パナマ運河のバルボア港(2月)=ロイター
【ニューヨーク=伴百江】
世界最大の資産運用会社、米ブラックロック率いる投資家連合は4日、パナマ運河の港湾事業を香港の複合企業、長江和記実業(CKハチソンホールディングス)から買収することで合意した。
金額は228億ドル(約3兆4000億円)。トランプ米政権は中国系企業によるパナマ運河の管理を巡りパナマ政府への圧力を強めていた。
ブラックロック傘下のインフラ投資会社ブラックロック・インフラストラクチャー・パートナーズとスイスの投資会社ターミナル・インベストメントが、CKハチソンの子会社ハチソン・ポーツからパナマ運河の港湾事業の支配権90%を取得する。
さらに世界23カ国で港湾43カ所を運営するハチソン・ポーツの株式80%も取得することで合意した。

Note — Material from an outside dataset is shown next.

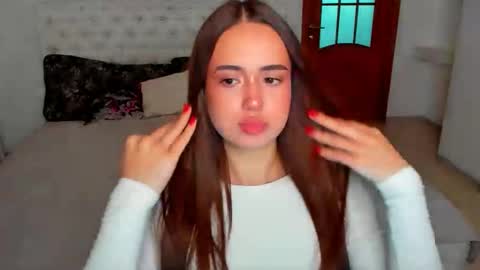 Beata online show from October 4, 5:28 pm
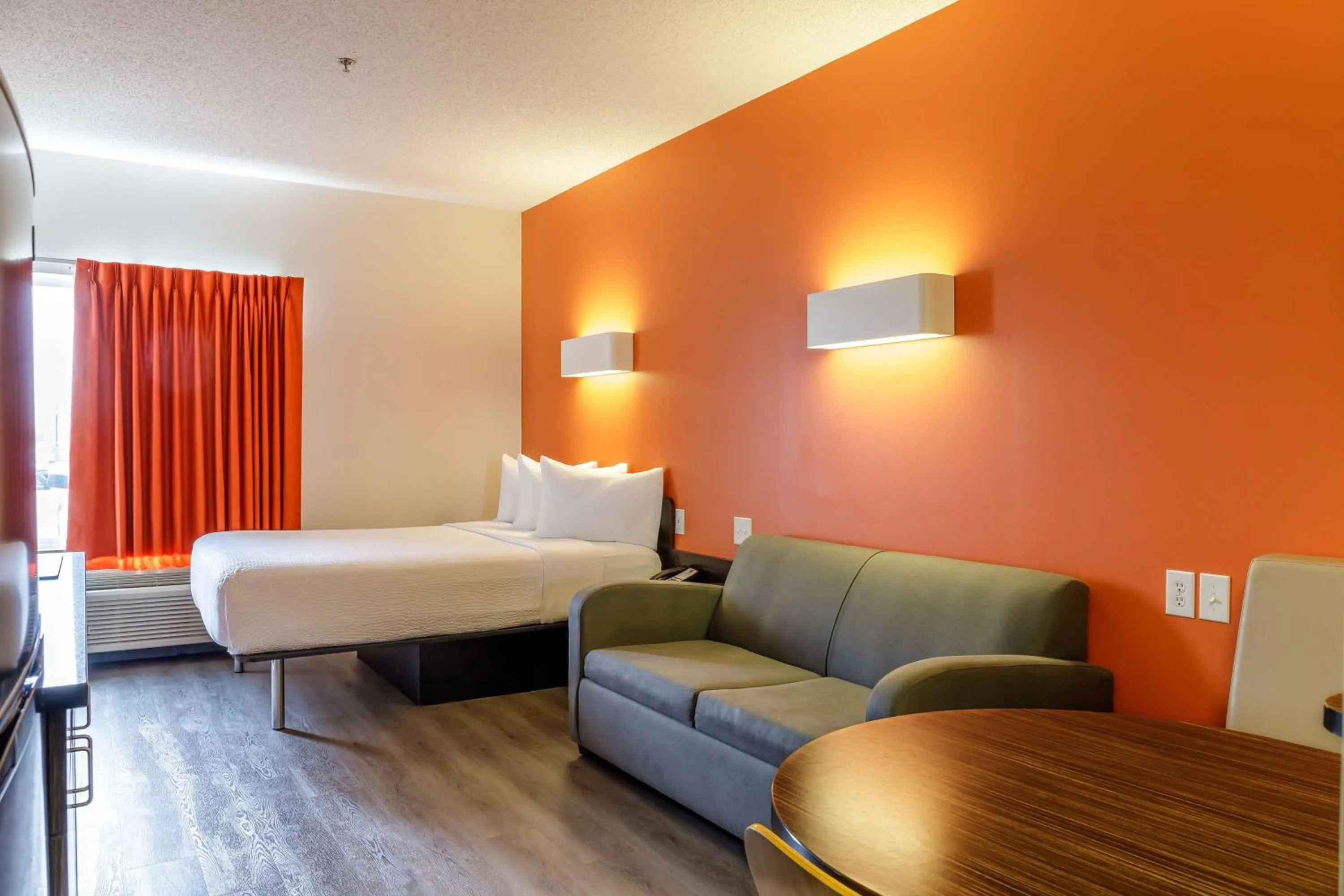 Bedroom, Bed in Motel 6-Headingley, MB - Winnipeg West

CKハチソンは裸一貫で巨大複合企業を築き「香港の超人」と呼ばれた李嘉誠氏が創業。香港や中国本土の不動産事業で飛躍し、2010年代には中国経済の変調を嗅ぎとり、世界中で通信やエネルギー、水道など幅広いインフラ運営を手掛ける体制にシフトした。
パナマ運河は1997年からCKハチソンの傘下企業が太平洋側のバルボア港と大西洋側のクリストバル港の2港の支配権をもつ。支配権は2021年に更新され、47年まで続く予定だった。
中国が香港への統制を強めるなか、トランプ大統領はパナマ運河における中国の影響力を制限するよう圧力をかけてきた。
パナマのムリノ大統領は中国支配の印象を打ち消そうと、中国の広域経済圏構想「一帯一路」から離脱すると表明したほか、CKハチソン子会社との契約解除を検討しているとも報道されていた。
米ブラックロックがパナマ運河の支配権を獲得することは、トランプ米政権にっては勝利といえる。
買収合意についてブラックロックのラリー・フィンク最高経営責任者(CEO)は「世界的規模の港湾への投資は、我々の顧客投資家にとって世界規模の投資リターンにつながる」との声明を発表した。